For the material below, the expected output is exactly the lines between the line holding "Studio 1 pièce 16 m²" and the line holding "LOUIS VUITTONルイヴィトン ショルダーバッグ ソミュールMM LV", inclusive, with pictures left out.

_SOURCE MATERIAL_.
....................
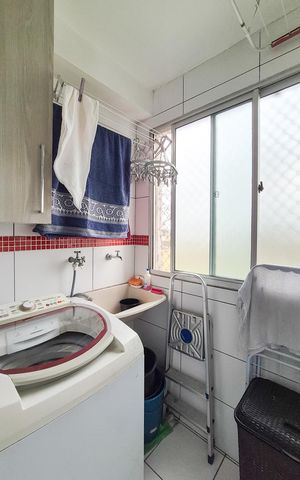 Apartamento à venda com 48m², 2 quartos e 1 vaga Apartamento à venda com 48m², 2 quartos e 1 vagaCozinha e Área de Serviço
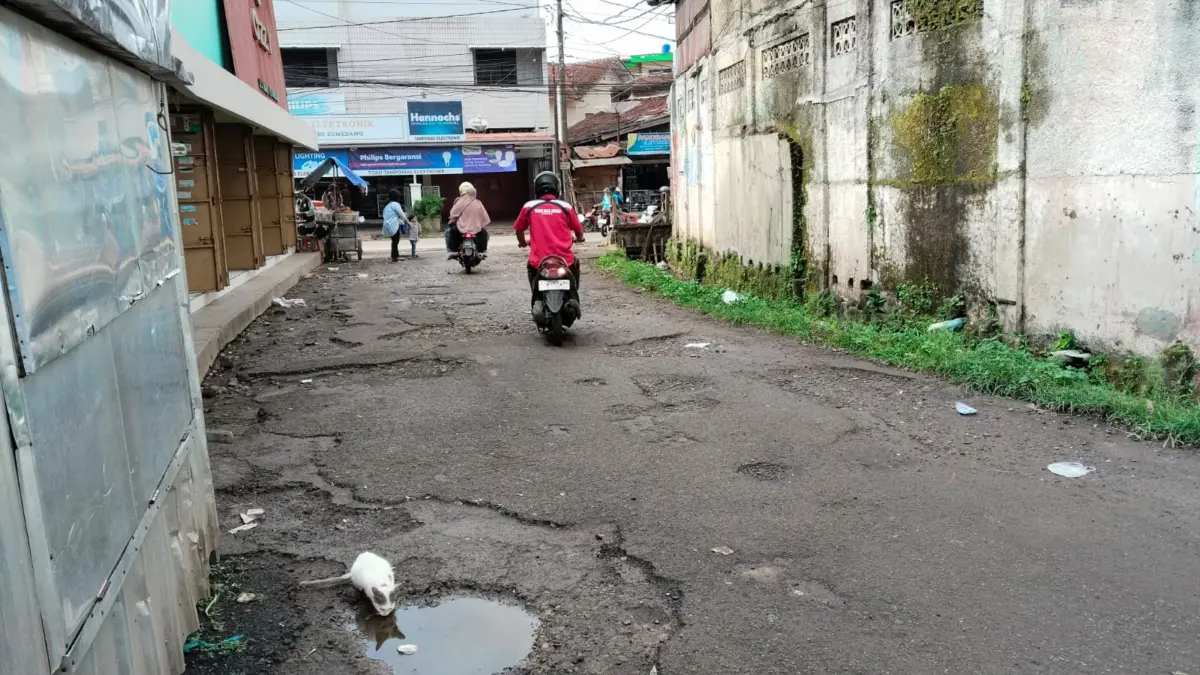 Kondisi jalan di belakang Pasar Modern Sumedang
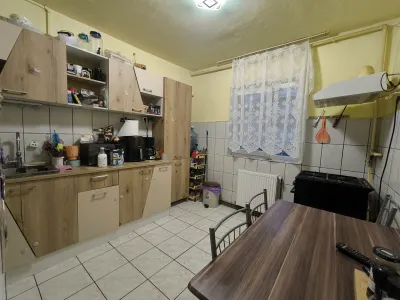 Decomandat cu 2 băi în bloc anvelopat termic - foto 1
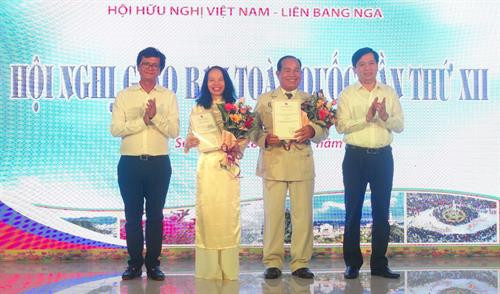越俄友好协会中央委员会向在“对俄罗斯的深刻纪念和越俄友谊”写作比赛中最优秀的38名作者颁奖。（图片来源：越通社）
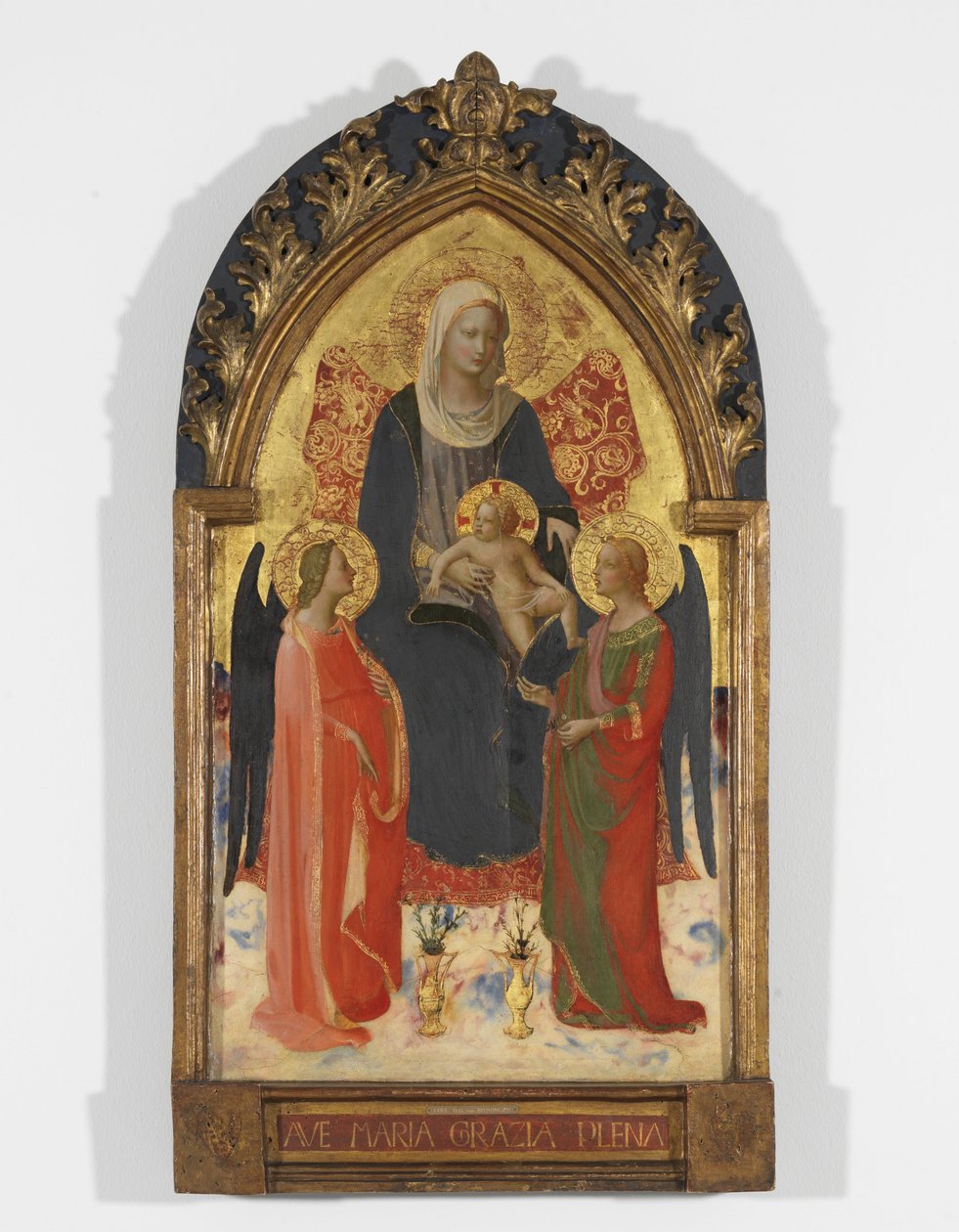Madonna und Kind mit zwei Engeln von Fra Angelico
....................
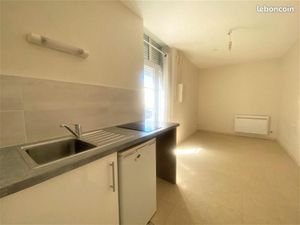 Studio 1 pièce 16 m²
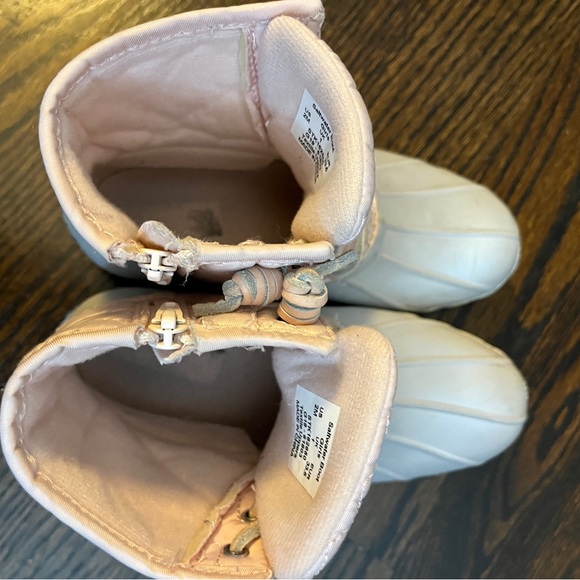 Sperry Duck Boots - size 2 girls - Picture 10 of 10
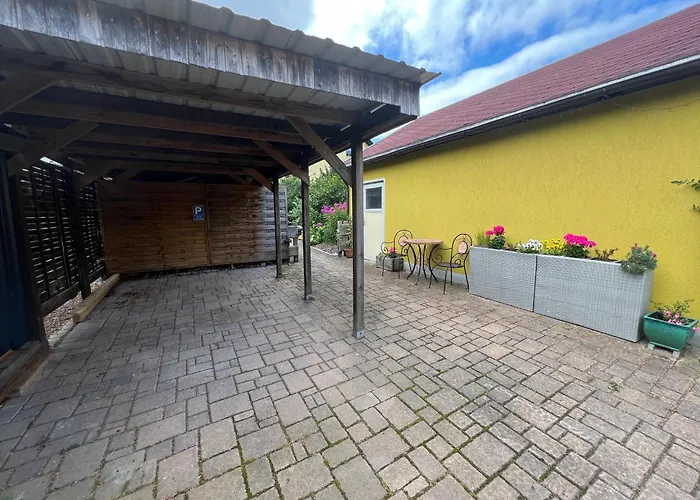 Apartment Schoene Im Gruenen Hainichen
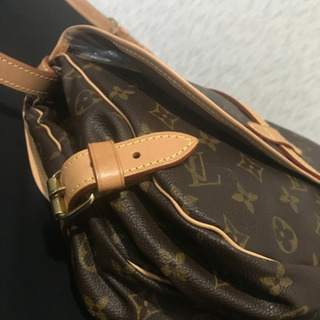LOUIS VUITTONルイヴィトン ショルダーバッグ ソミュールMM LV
....................
_ANSWER AREA_.
 Studio 1 pièce 16 m²
 Sperry Duck Boots - size 2 girls - Picture 10 of 10
 Apartment Schoene Im Gruenen Hainichen
LOUIS VUITTONルイヴィトン ショルダーバッグ ソミュールMM LV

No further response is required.